──────── Provided material

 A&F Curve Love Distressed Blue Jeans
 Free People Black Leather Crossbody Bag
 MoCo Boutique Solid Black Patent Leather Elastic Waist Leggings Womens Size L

────────────────

**Problem details:**
All of the data must be set down again exactly.

**Response for this exercise:**
 A&F Curve Love Distressed Blue Jeans
 Free People Black Leather Crossbody Bag
 MoCo Boutique Solid Black Patent Leather Elastic Waist Leggings Womens Size L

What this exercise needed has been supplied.